Hi there, I have been trying to figure this out for a while now without success so I come here for help.
I have an external simulation environment running robotics simulations in parallel. It is implemented in C++ in a vectorized way, and is managed by a custom python wrapper. Such wrapper does not strictly follow Gym conventions in terms of method definitions and what they return, but it serves the same purpose. Until now, custom implementations of RL algorithms have been used to train policies in this environment. I have tried to wrap this custom python wrapper in a VectorEnv class to be able to use RLLib and its various algorithms for training, without success. I am unsure if I should use the ExternalEnv class instead.
I believe the problem comes down to how the environment parallelization is implemented at a low level, which basically steps all environments synchronously, meaning that methods like reset_at() from VectorEnv cannot be implemented (because the environments are stepped and reset synchronously). I have tried using the gym.Env class as wrapper but it has obviously not worked because the observations are of size (num_envs, obs_dims) and similarly for actions, rewards, dones and infos.

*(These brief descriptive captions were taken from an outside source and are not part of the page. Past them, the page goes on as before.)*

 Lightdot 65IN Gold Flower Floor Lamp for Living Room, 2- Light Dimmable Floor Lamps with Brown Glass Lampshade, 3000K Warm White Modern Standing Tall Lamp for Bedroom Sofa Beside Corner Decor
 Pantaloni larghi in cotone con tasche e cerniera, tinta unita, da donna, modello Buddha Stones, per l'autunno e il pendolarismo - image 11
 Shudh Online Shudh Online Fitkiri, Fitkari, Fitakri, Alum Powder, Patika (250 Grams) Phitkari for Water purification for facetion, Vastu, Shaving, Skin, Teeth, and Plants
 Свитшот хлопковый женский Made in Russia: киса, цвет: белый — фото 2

This makes me think that what I actually need is to use ExternalEnv class, but this seems appropriate for a single environment, or is there a way to use ExternalEnv class in a vectorized way?
Happy to provide further details if the above seems unclear. Thanks in advance!

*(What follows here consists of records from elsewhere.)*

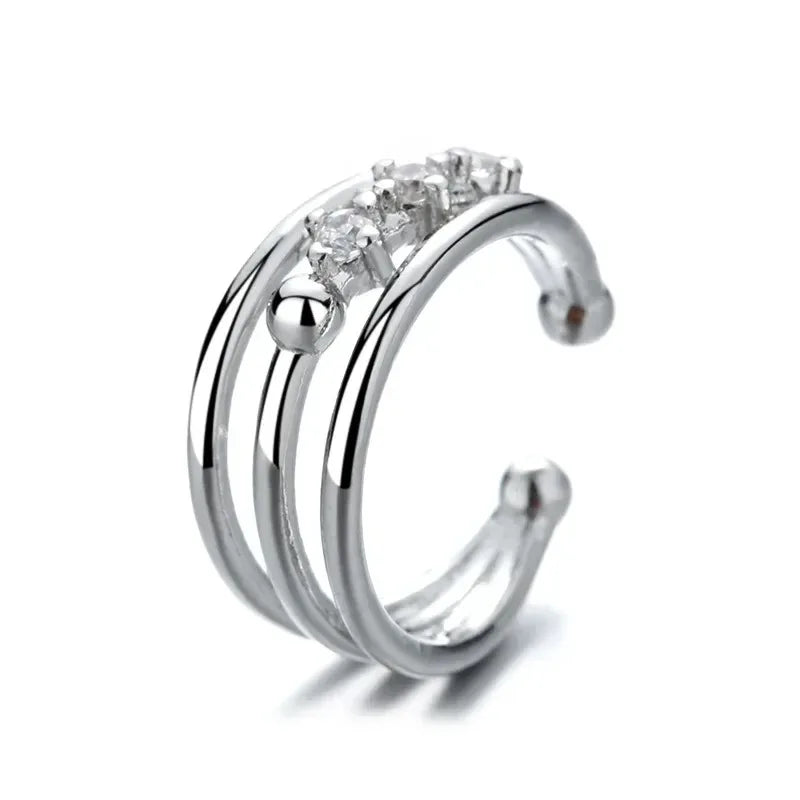 A Girl 1Pcs Silver Color Ear Cuffs Without Piercing Ear Clip Earrings Non-Piercing Fake Cartilage Earrings For Women Jewelry ﻿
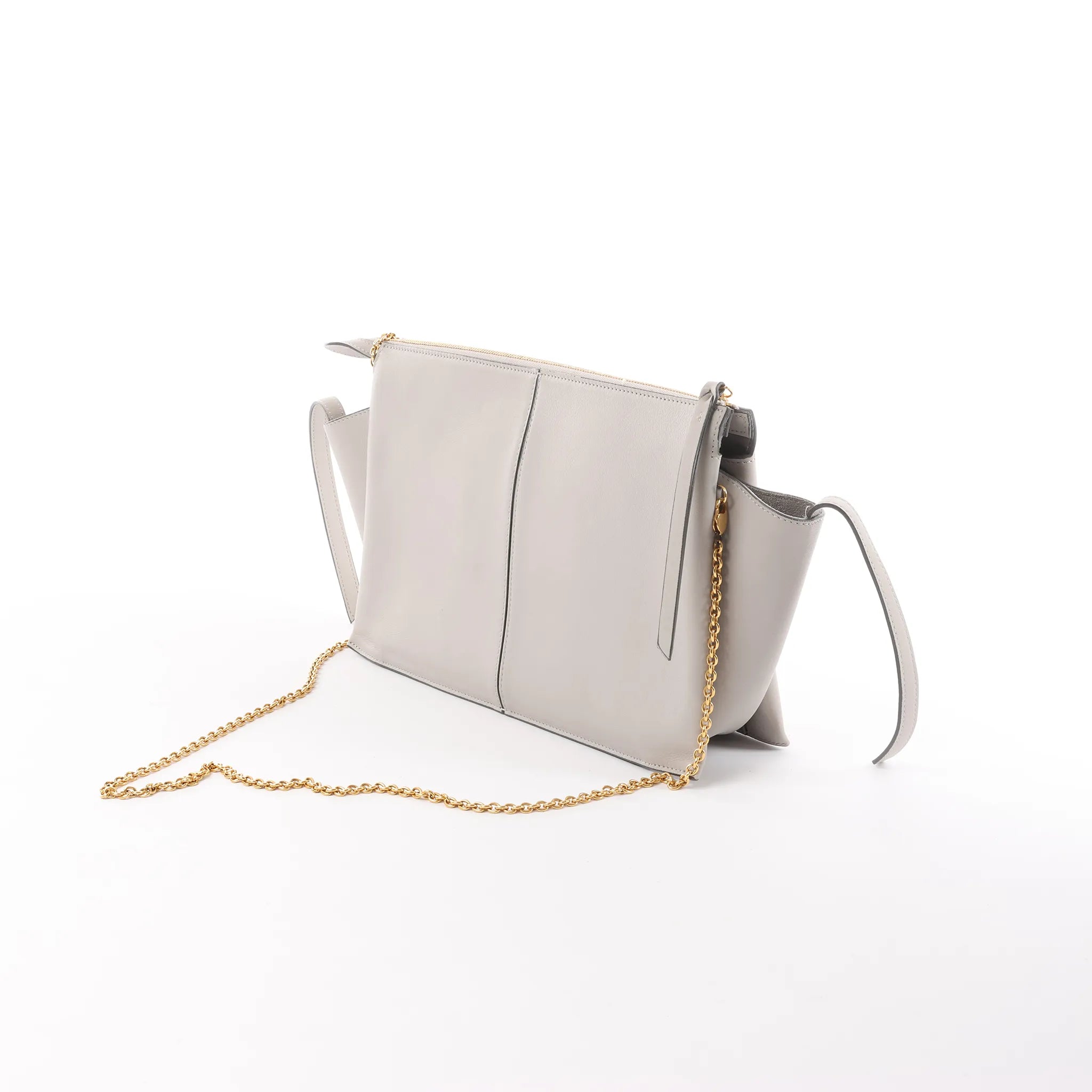 Celine Tri-Fold Leather Chain Shoulder Bag in Gray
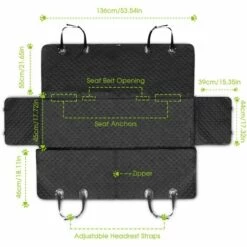 Pecute Housses De Siège D'auto Pour Chien Universelle, Housse Protection De Siège D'arrière Avec Poche De Rangement, Housse Banquette Imperméable Pour Voiture Et SUV Tansport Chien(146 X 136cm,Noir) -Cage, caisse et transport pour chien Soldes 58114995 5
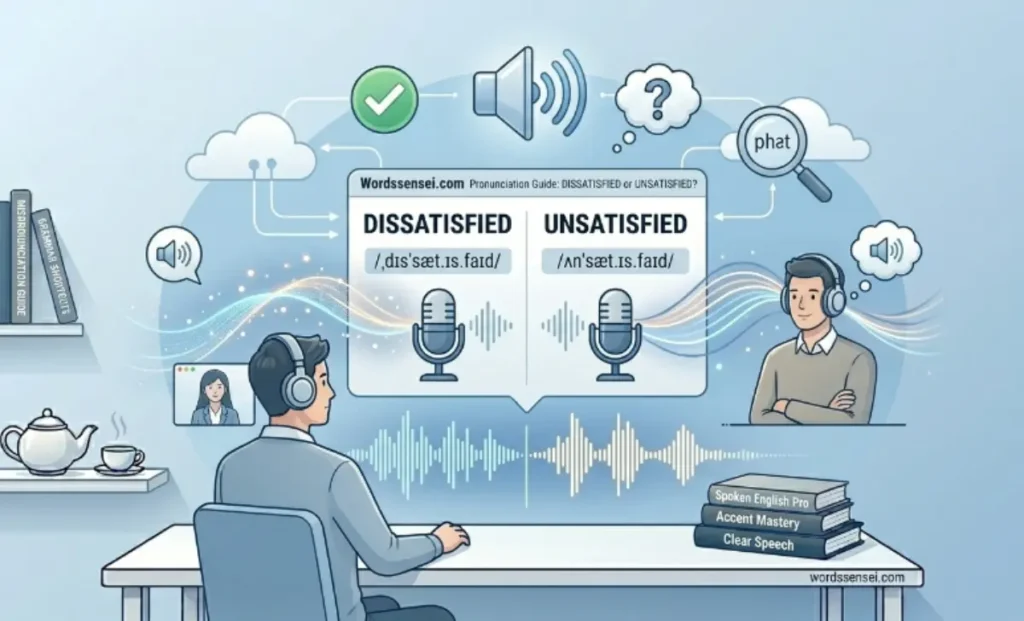 Pronunciation of Dissatisfied or Unsatisfied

My use case only allows one environment per process. If you are training using a high-throughput algorithm like IMPALA, you can spawn a separate worker for each environment rather than vectorized environments on a single worker. The performance is still great, because you can have 30+ processes chugging away collecting samples asynchronously.
This likely also requires less changes to your code than other solutions.
Ok, I somehow expected this was going to be the case. In the meantime, I managed to get a setup running by forcing my C++ application to only spawn 1 environment per process, but I haven’t looked at performance comparisons yet. Hopefully it will be good enough to get going. Thanks for the help!
Hey @feracero and @smorad , thanks for the question and answer!
ExternalEnv currently only support single envs (not vectorized). You can get around that by using the multi-agent env. Could you check out our Unity3D examples? This is basically the same setup: Single Unity3d engine with n scenes running in parallel inside that engine instance and each scene containing let’s say 1 agent. Of that, we create a MultiAgentEnv with n agents (all using and training the same policy).
The examples and the Unity adapte are located here:
rllib/env/wrappers/unity3d_env.py (<- a MultiAgentEnv sub-class implementing only step and reset).
rllib/examples/serving/unity3d_[client|server].py (<- should show how this can be run as client/server setup against your C++ simulator)